Whether you love or hate the Olympics, most people would agree they were beginning to run their course. The past three weeks were filled with inspirational stories and domination by a pair of Maryland athletes, but Rio also produced its share of bizarre incidents and conspiracies. The latter seemed to steal many of the headlines, which is not surprising considering our appetite for scandals. No single event, including record setting performances on the track or in the pool, generated more news headlines than the American swimmers’ run in with an armed gas station security guard. At first it was reported that the swimmers were targeted by police impersonators and robbed at gunpoint, which was odd considering the alleged victims still had possession of their cell phones and jewelry. Then it was reported that the entire story was made up, and the swimmers were never robbed. While we still don’t have every detail, there are enough facts out there to generate a legal discussion about what crimes where actually committed that night. To keep the discussion relevant we will act as if the incident happened in Maryland, as the Blog does not claim to be an expert in the criminal laws of other states, much less other countries.
It seems fairly clear that the swimmers engaged in some sort of criminal activity before they were confronted by employees of the gas station. Whether their actions would have actually resulted in arrest or prosecution is debatable, but based on the evidence the swimmers could have been guilty of at least three criminal violations. Urination in public is illegal in Maryland, but unlike other states that have UIP laws, there is not a specific state criminal statute that addresses this conduct. Some local governments such as Prince George’s County have ordinances that cover this act, and in PG County it happens to be a civil citation. In order for an officer to arrest a person under state law for relieving themselves in public, he or she would have to charge the suspect with indecent exposure under section 11-107. This is a misdemeanor that carries a maximum three-year sentence, and is obviously a criminal charge that would look horrible on anyone’s rap sheet. A police officer could also arrest someone for using a public transportation vehicle as his or her own personal bathroom, which is a misdemeanor that carries a 90-day jail sentence under section 7-705 of the transportation code. It is unclear whether the swimmers actually damaged any property, but if they did then destruction of property and or disorderly conduct charges could follow.

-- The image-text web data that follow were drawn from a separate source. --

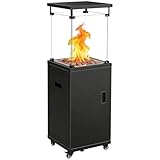 Sweetcrispy Heizstrahler Terrasse Gas 11 kW, Terrassenheizer, Propan Butan Gasheizstrahler, Mobiler...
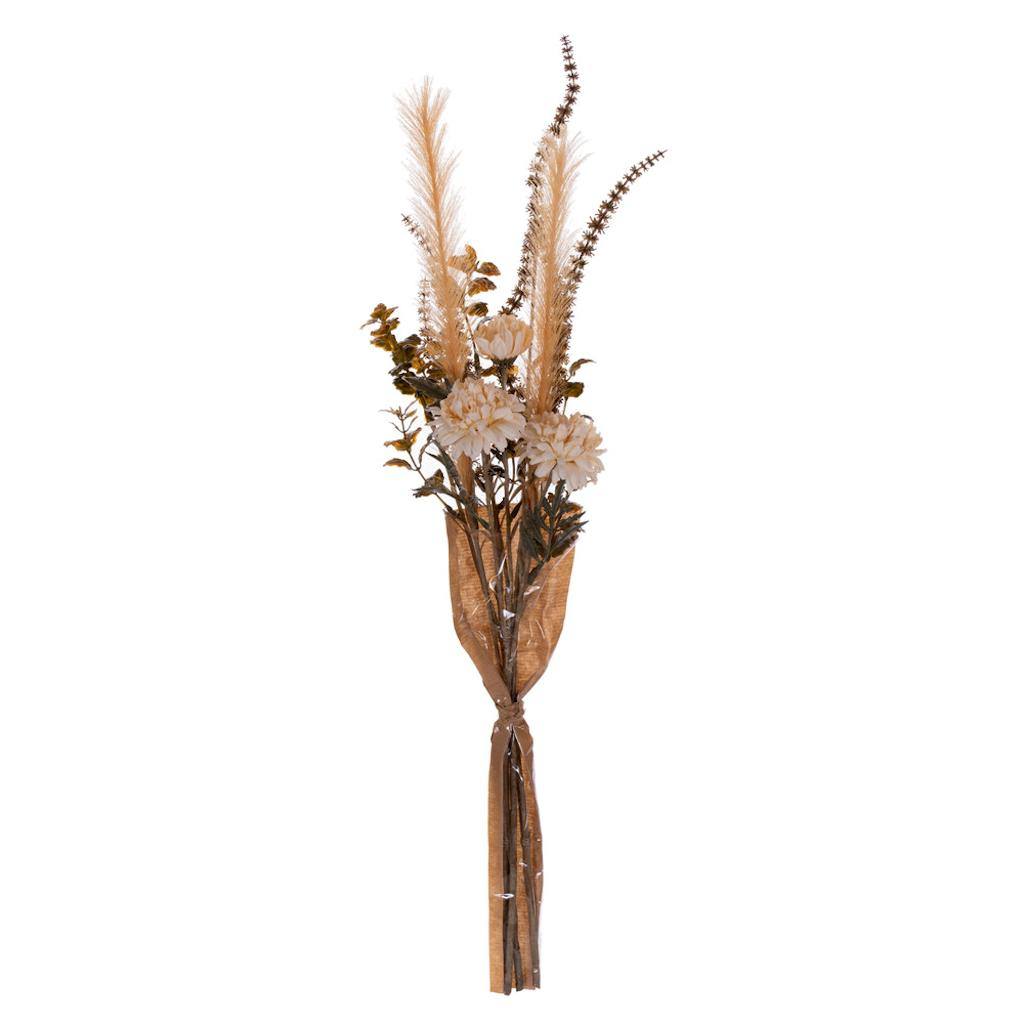 25" Artificial Cream Dried Star Flower Pampas Grass and Foliage Bouquet 1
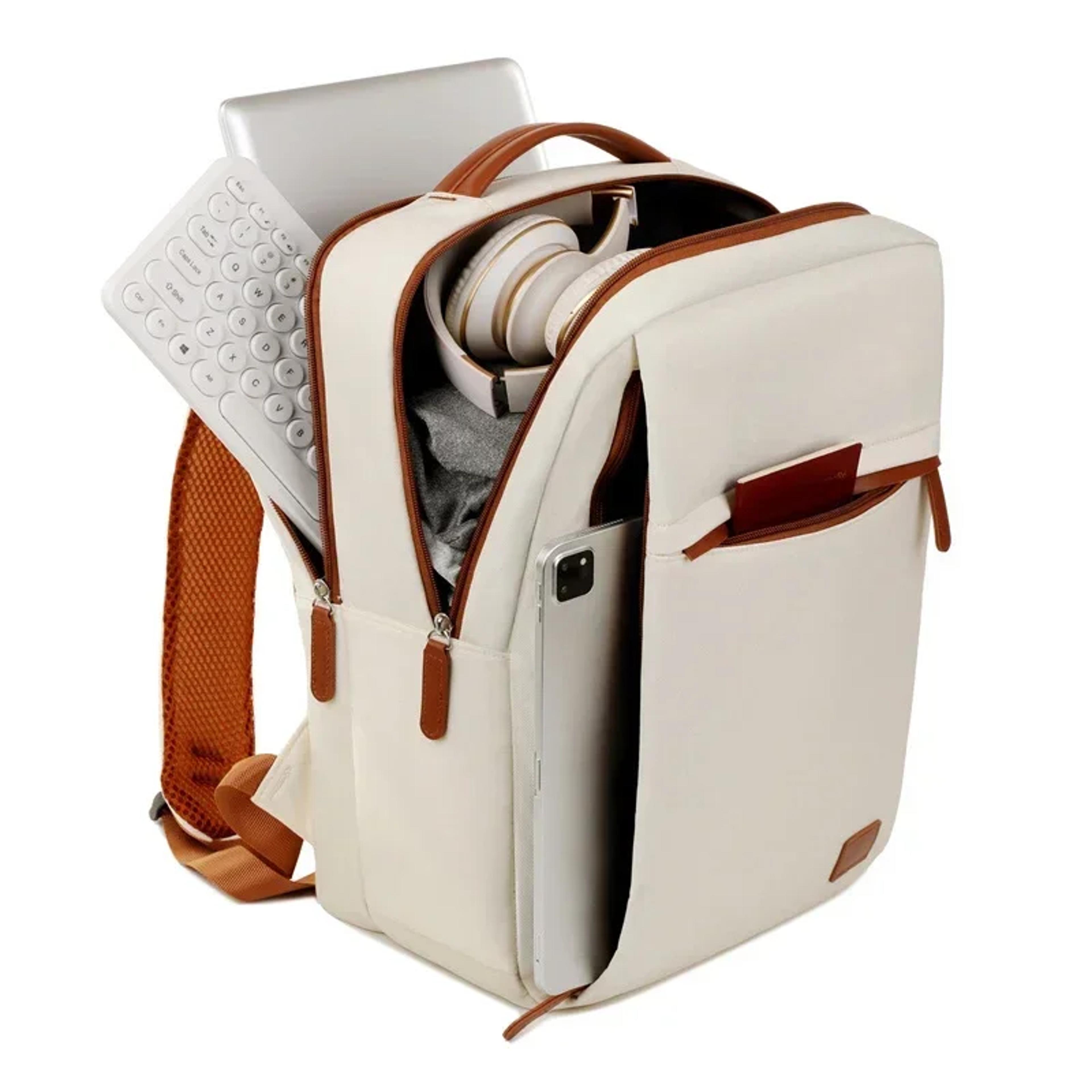 Large Capacity Laptop Backpack With USB Charging Port For Travel And Work 5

While we do not know exactly what happened in or around the bathroom, it is absolutely clear that the swimmers became robbery victims at some point in the night. Robbery is a simple crime to define; it’s an unlawful taking of someone’s property with force. Many people can think of it as a theft plus an assault. If you throw a weapon into the equation you are left with an armed robbery, and if that weapon happens to be a working operable firearm then there could be an additional charge for using a firearm during the commission of a crime of violence. The gentleman that pulled a gun on the swimmers and demanded money without a doubt committed an armed robbery. If there were others standing next to the gun toting security guard then they too committed an armed robbery. There are very few valid legal defenses to a crime such as this, and none would apply here. The “security guard” was not acting in self-defense or the defense of others, and he certainly was not under duress. If this incident had happened in Maryland the man with the gun and any accomplices would have been arrested and charged with upwards of three felonies. Our government would have issued an apology to the admittedly foolish swimmers rather than extort them out of $11,000.